INSTRUCTIONS TO FOLLOW: A faithful copy of the entries, without any pictures, is what is needed here.

SUPPLIED MATERIAL:
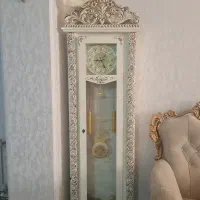 ساعت ایستاده چوبی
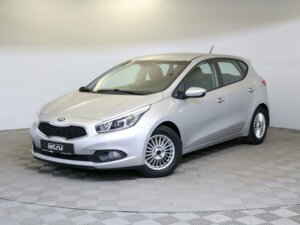 Kia Ceed 2012 1.4 MT (100 л.с.) Classic (без опций обогрева) c пробегом - фото 1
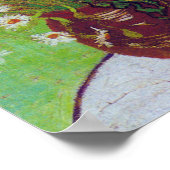 Vase met Cornbloemen en papavers, Van Gogh Poster (Hoek)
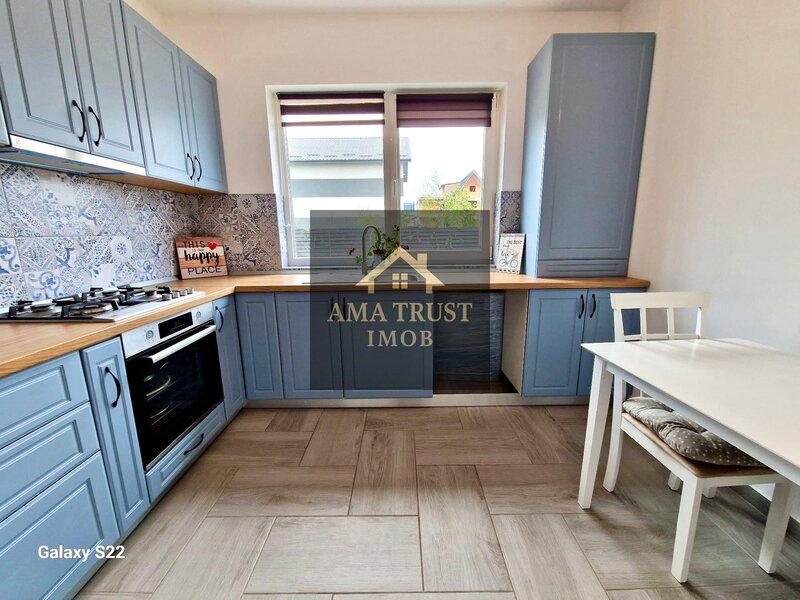 Bragadiru, vila moderna 3 camere, mansarda 500 mp teren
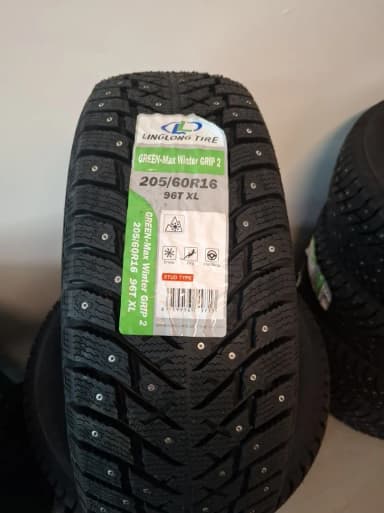 Juego de 4 neumáticos Linglong Green Max Winter Grip 2 205/60R16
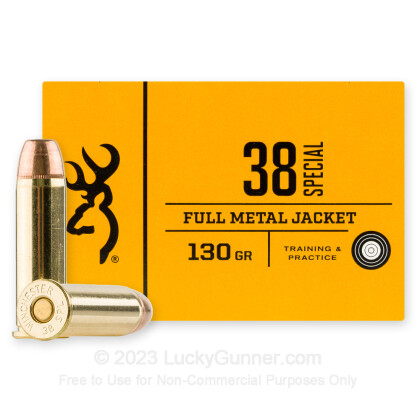 Image 1 of Browning .38 Special Ammo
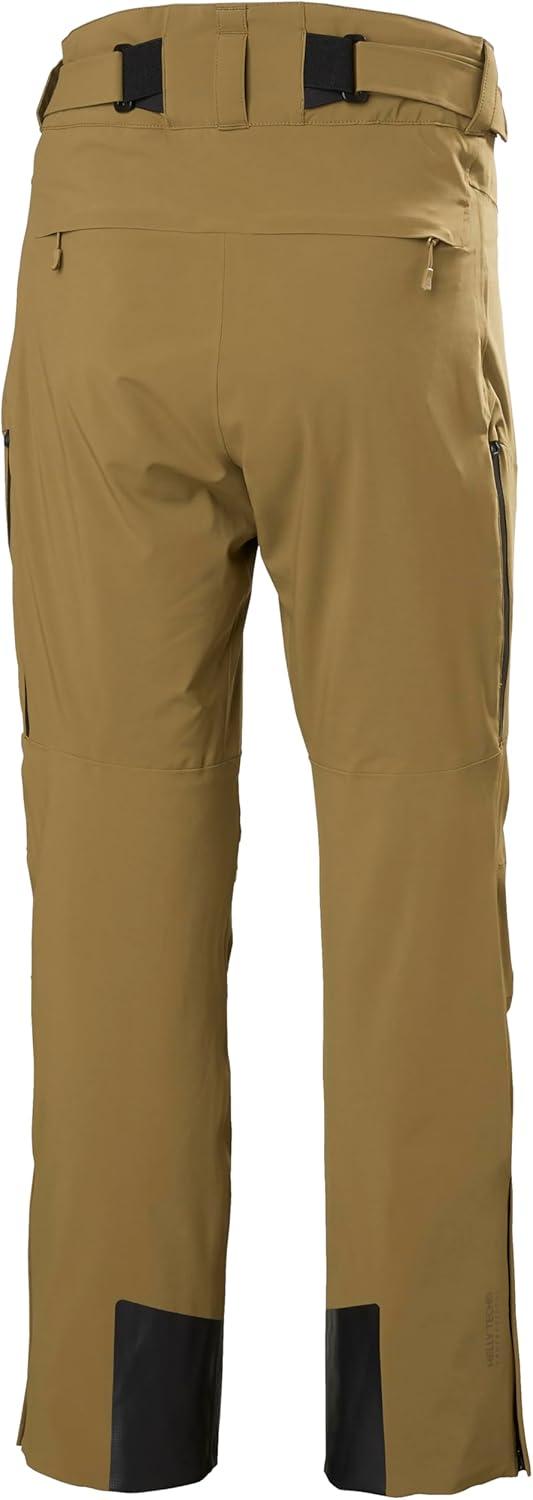imageHellyHansen Alpha LIFALOFT Insulated Ski Pant Waterproof Snow Pants LIFALOFT Warmth ampamp Winter Trousers for Men718 Sepia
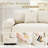 82.6" Oversized Modular Corduroy Sofa-1316046557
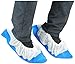 Cleaing Case of 500 Disposable Waterproof Shoe Covers Non Slip for Indoor One Size Fits All Up to XL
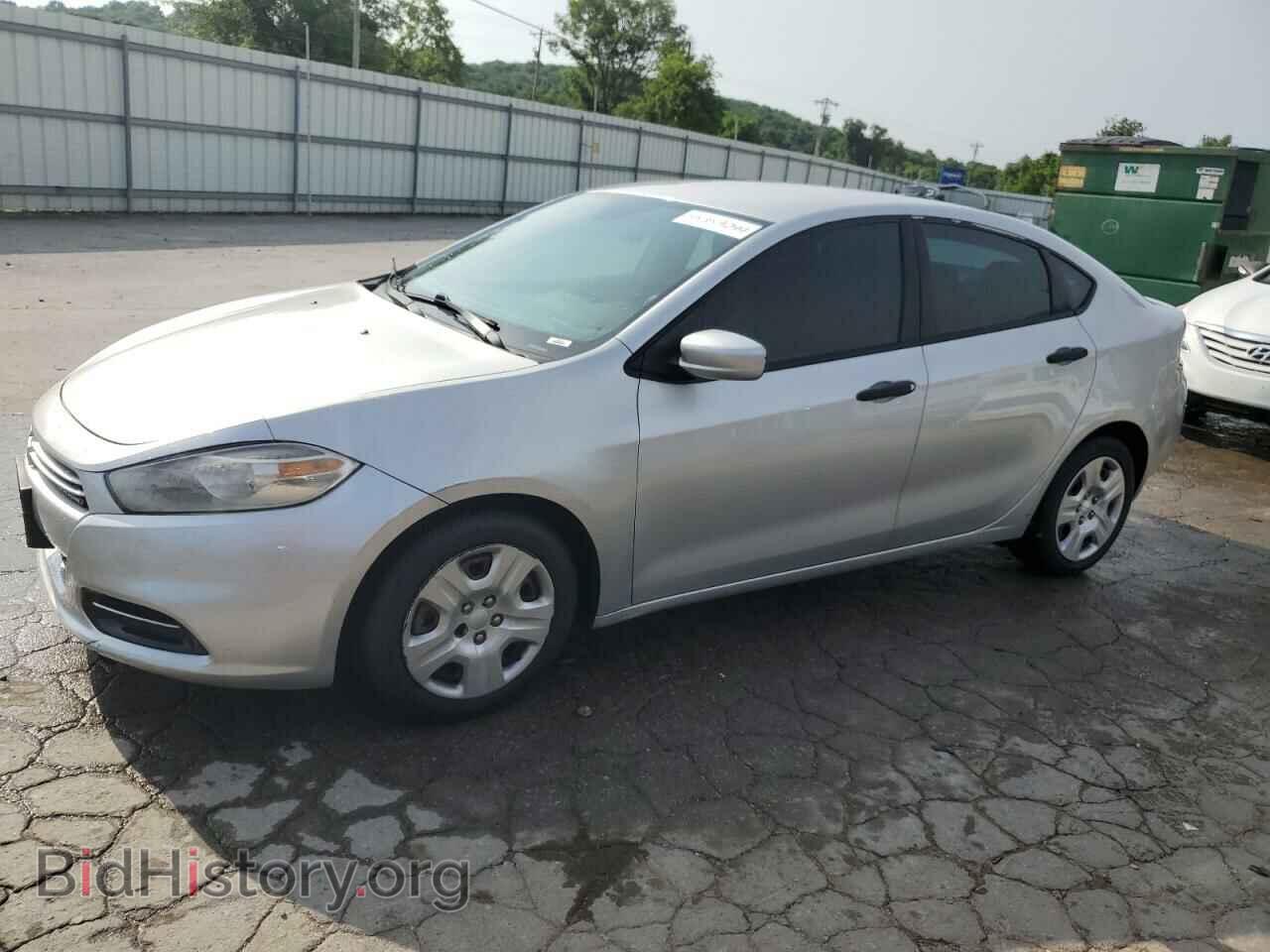Photo 1C3CDFAA3DD290555 - DODGE DART 2013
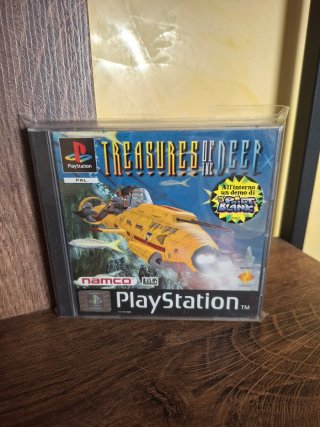 Treasure of The Deep PS1 PAL ITA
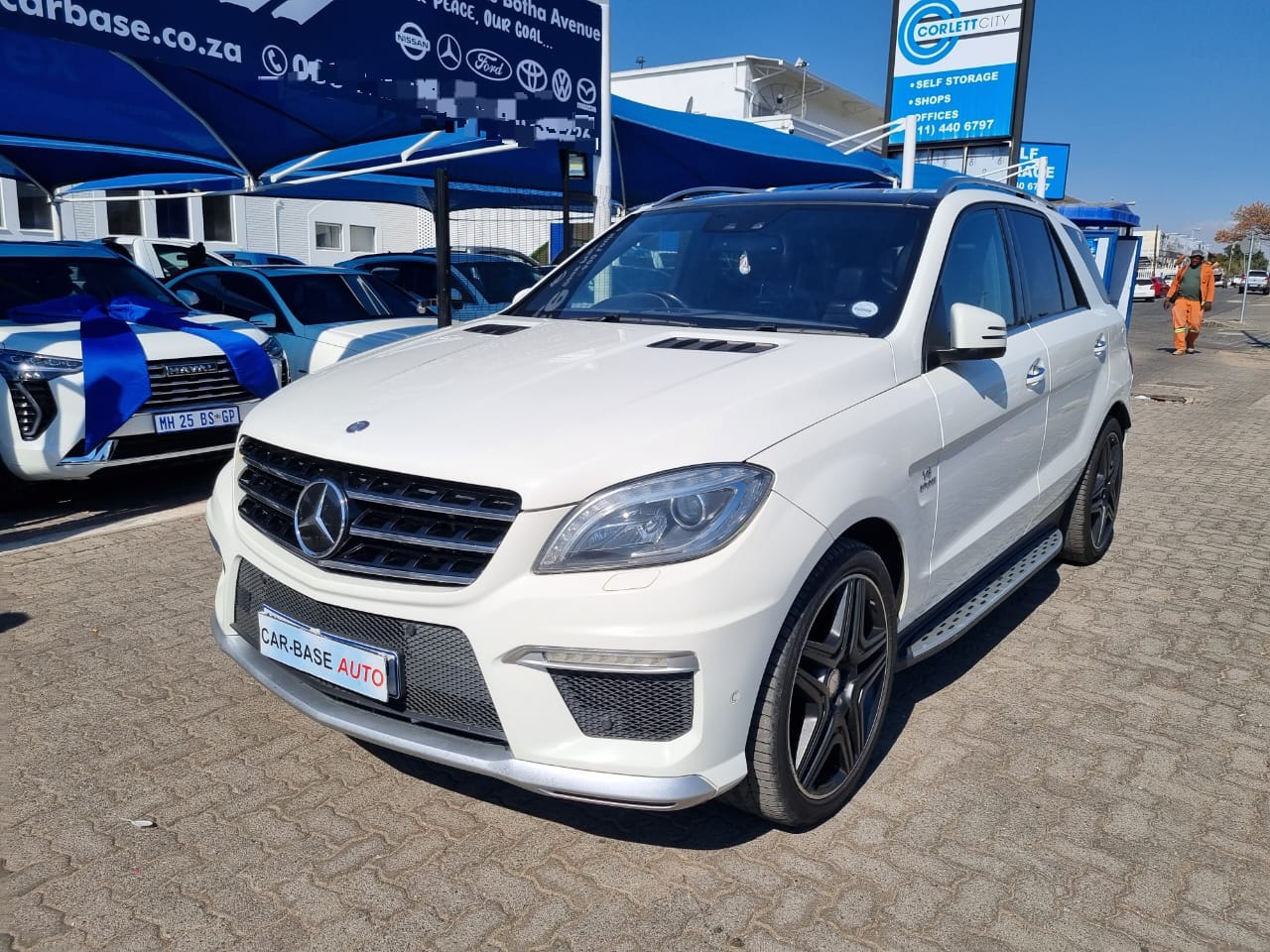 Used 2013 Mercedes-Benz ML 63 AMG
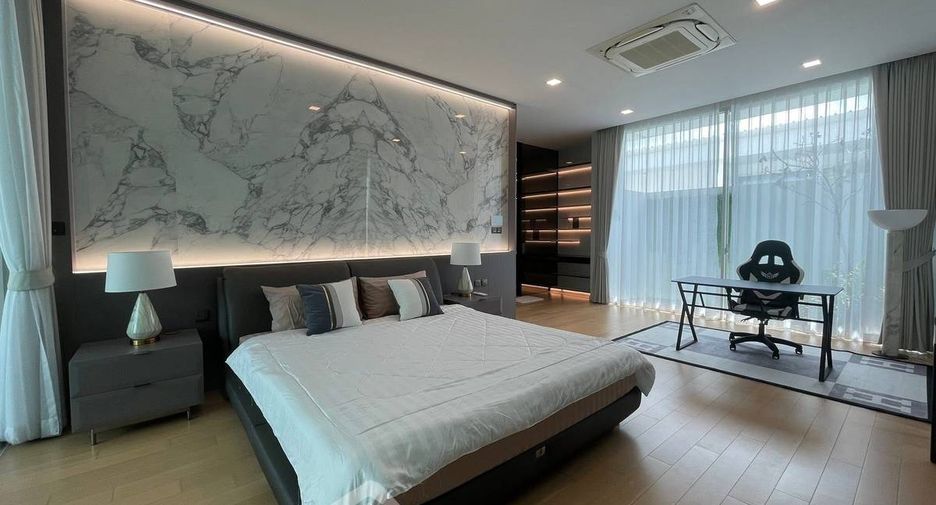ให้เช่า 4 ห้องนอน บ้านเดี่ยว ใน บึงกุ่ม, กรุงเทพฯ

SOLUTION FOR THIS TASK:
 ساعت ایستاده چوبی
 Kia Ceed 2012 1.4 MT (100 л.с.) Classic (без опций обогрева) c пробегом - фото 1
 Vase met Cornbloemen en papavers, Van Gogh Poster (Hoek)
 Bragadiru, vila moderna 3 camere, mansarda 500 mp teren
 Juego de 4 neumáticos Linglong Green Max Winter Grip 2 205/60R16
 Image 1 of Browning .38 Special Ammo
imageHellyHansen Alpha LIFALOFT Insulated Ski Pant Waterproof Snow Pants LIFALOFT Warmth ampamp Winter Trousers for Men718 Sepia
 82.6" Oversized Modular Corduroy Sofa-1316046557
 Cleaing Case of 500 Disposable Waterproof Shoe Covers Non Slip for Indoor One Size Fits All Up to XL
Photo 1C3CDFAA3DD290555 - DODGE DART 2013
 Treasure of The Deep PS1 PAL ITA
 Used 2013 Mercedes-Benz ML 63 AMG
ให้เช่า 4 ห้องนอน บ้านเดี่ยว ใน บึงกุ่ม, กรุงเทพฯ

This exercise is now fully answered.